También fueron importantes para la Iglesia primitiva debido, principalmente, a que la mayor parte de los primeros cristianos eran conversos del judaísmo.
Sabemos que los fieles rezaban en ciertos momentos, principalmente cuando la noche desaparece con la salida del sol (las laudes) y al hacerse de noche cuando se encienden las luces (las vísperas).
Avanzando en los tiempos el transcurrir de las horas fue santificado con la oración comunitaria de las otras horas como vemos en los Hechos de los Apóstoles.
Allí encontramos reunidos a los Apóstoles en la hora de tercia (Hch 2, 15). Pedro “sube al tejado a orar hacia la hora de sexta” (Hch 10, 9). “Pedro y Juan subían al templo a orar hacia la hora de nona” (Hch 3, 1). “A medianoche, Pablo y Silas oraban y cantaban himnos a Dios (Hch 16, 25)”.
Este tipo de oración fue importante pues ayudó a la consolidación de la fe cristiana a medida que se expandía la Iglesia.
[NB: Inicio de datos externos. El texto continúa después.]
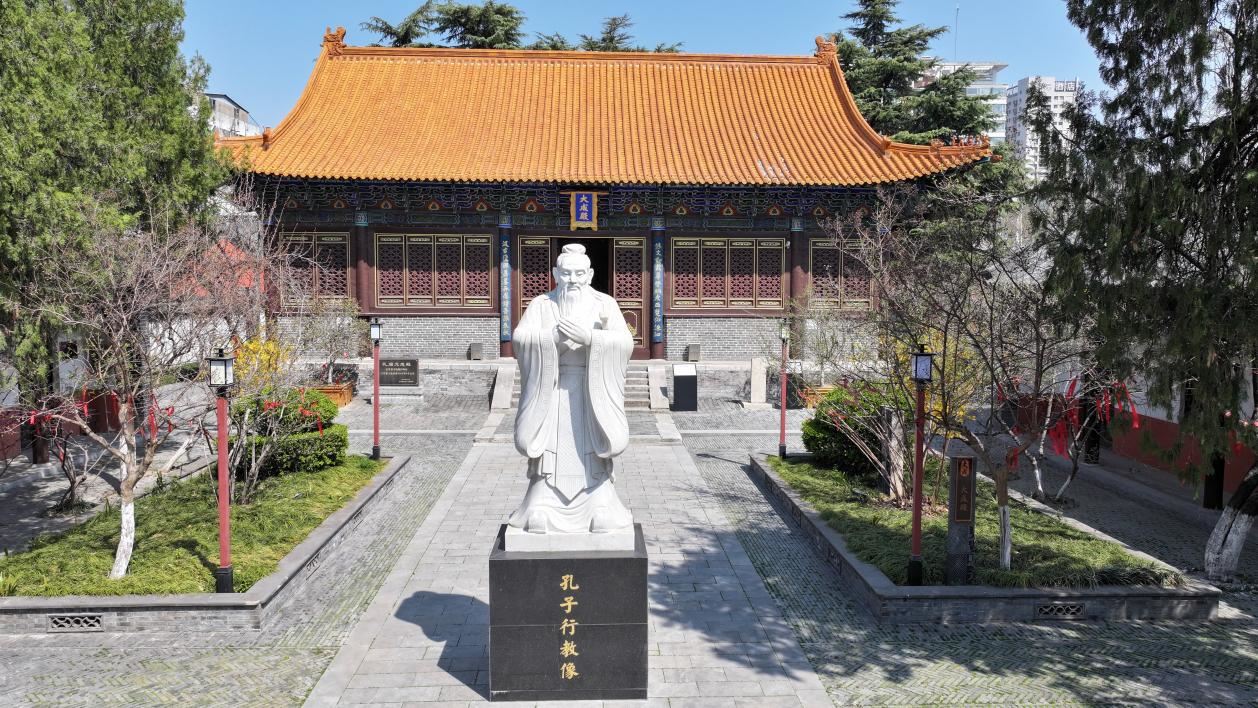 宿迁孔庙大成殿前的孔子像。孙旭晖 摄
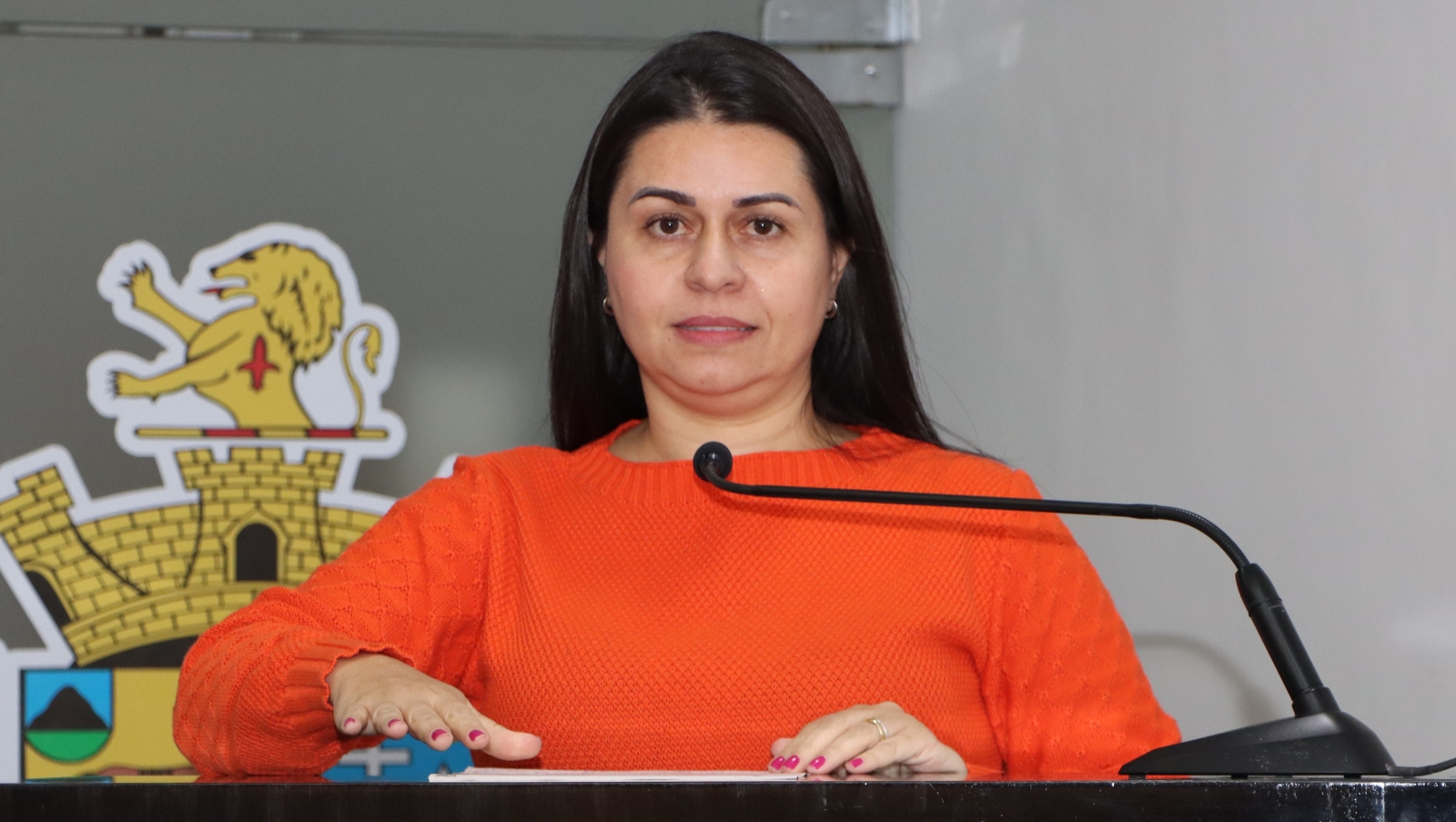 GABRIELA XAVIER SOLICITA INFORMAÇÕES SOBRE ESPERA PARA EXAMES DE MAMOGRAFIA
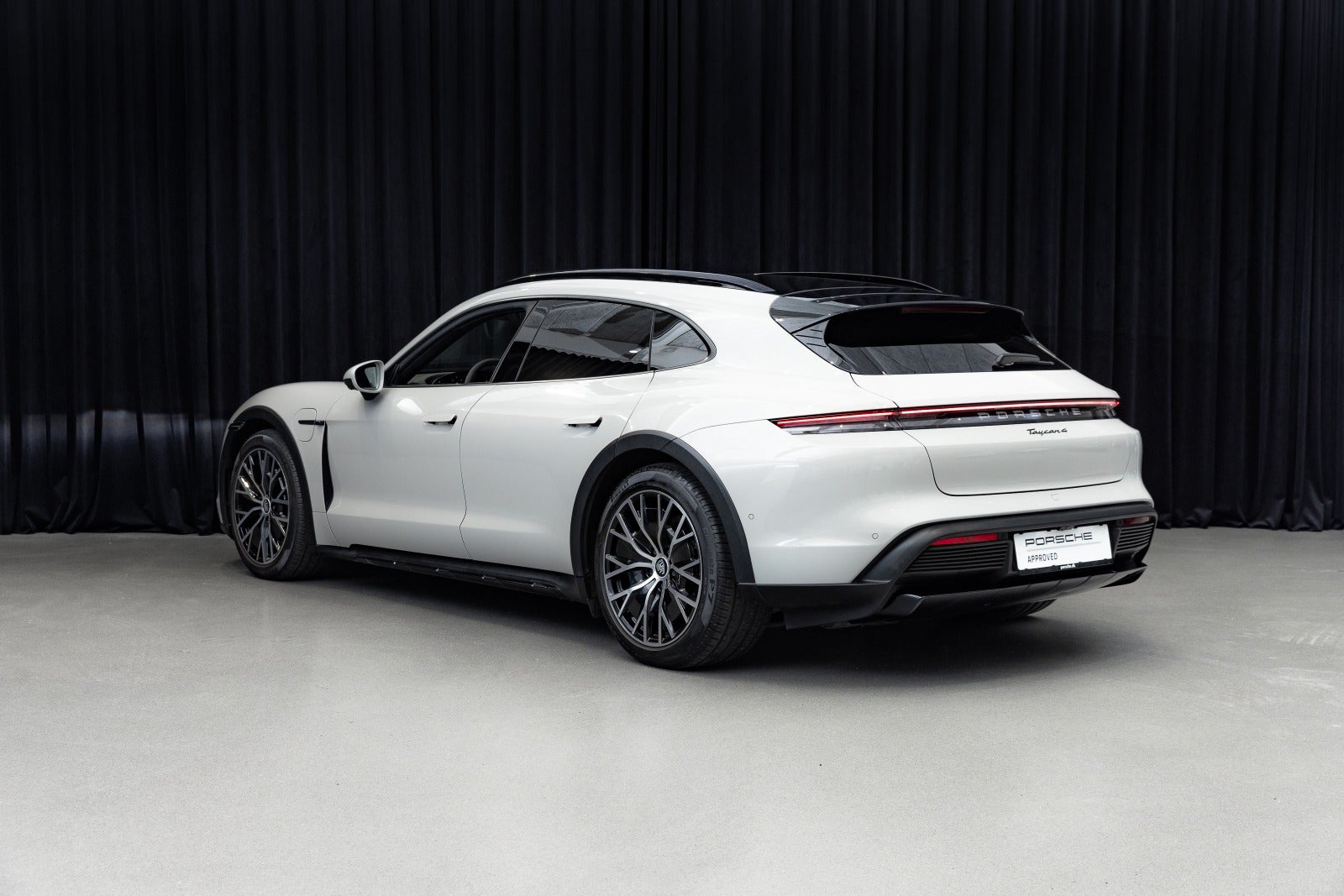 Gallery image 11 of 24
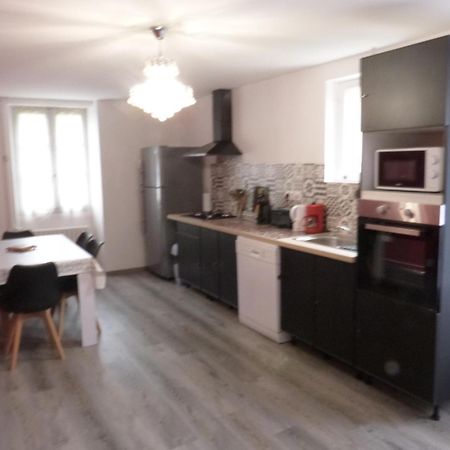 Logement Spacieux Rez-De-Chaussee, Jardin, Stationnement Devant, A 5 Minutes A Pied Du Centre De Sarlat Villa Ngoại thất bức ảnh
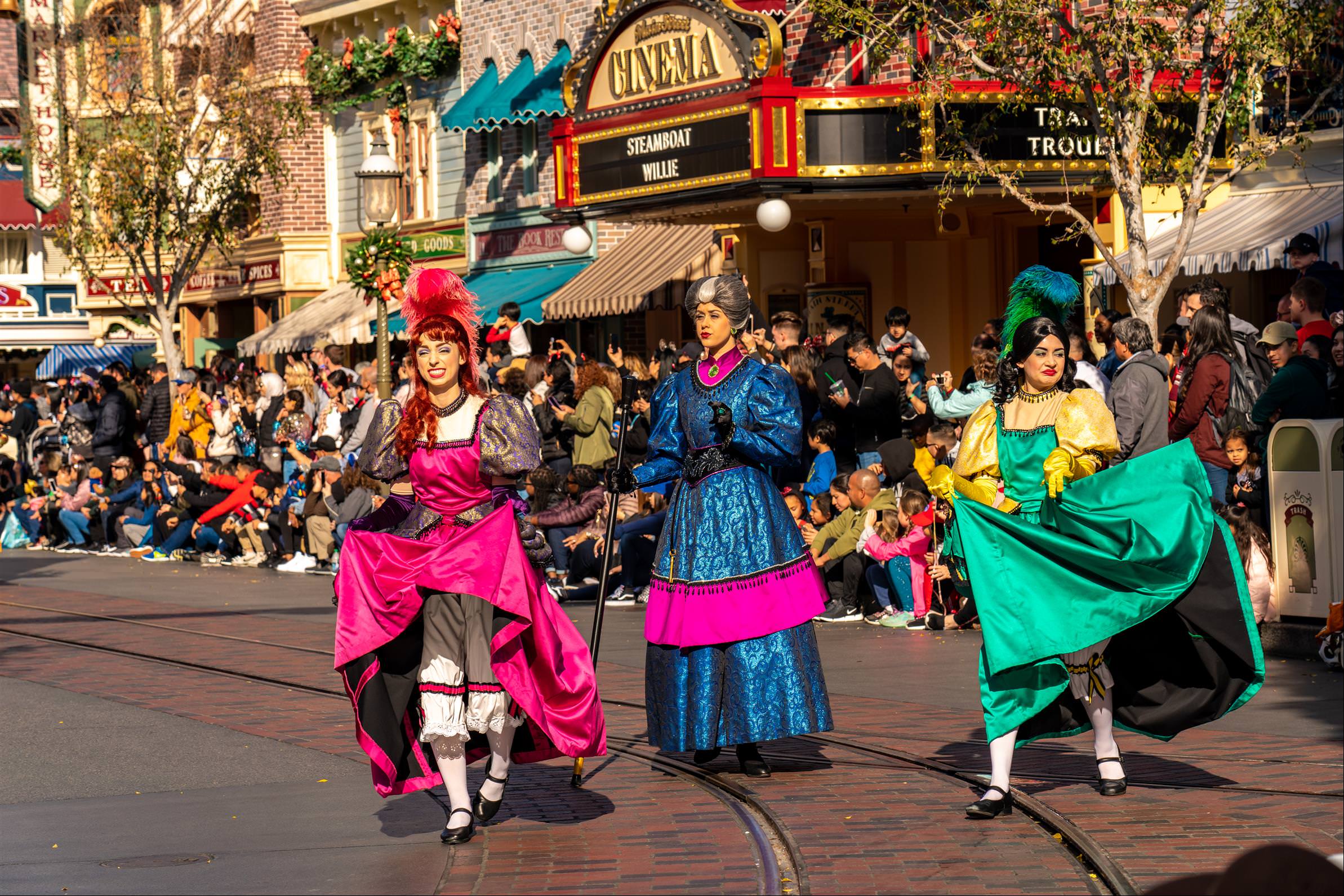 [美國/洛杉磯] 迪士尼經典樂園 Disneyland Park ，迪士尼角色遊行分享 / 路線 / 角色 / 影片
Por donde se iba extendiendo la Iglesia los cristianos se reunían en las iglesias para rezar los salmos.
En este sentido, para la Iglesia, tienen tanta importancia que forman parte fundamental del Oficio Divino. El Oficio Divino es el conjunto de oraciones que la Iglesia ha querido que sean rezadas en diferentes horas del día, de aquí el otro nombre ‘Liturgia de las Horas’.
El objetivo de la Liturgia de las Horas es consagrar los diferentes momentos del día al Señor extendiendo la comunión con Cristo concretada en el sacrificio de la Misa.
Quien reza el oficio hace un alto en su cotidianidad para rezar con la Iglesia aunque se encuentre solo.
«Se invita encarecidamente también a los demás fieles a que, según las circunstancias, participen en la Liturgia de las Horas, puesto que es acción de la Iglesia” (Canon 1174, 2).
La Liturgia de las Horas o el Oficio Divino es parte fundamental que, junto con la Sagrada Eucaristía, forma parte de la oración pública y oficial de la Iglesia.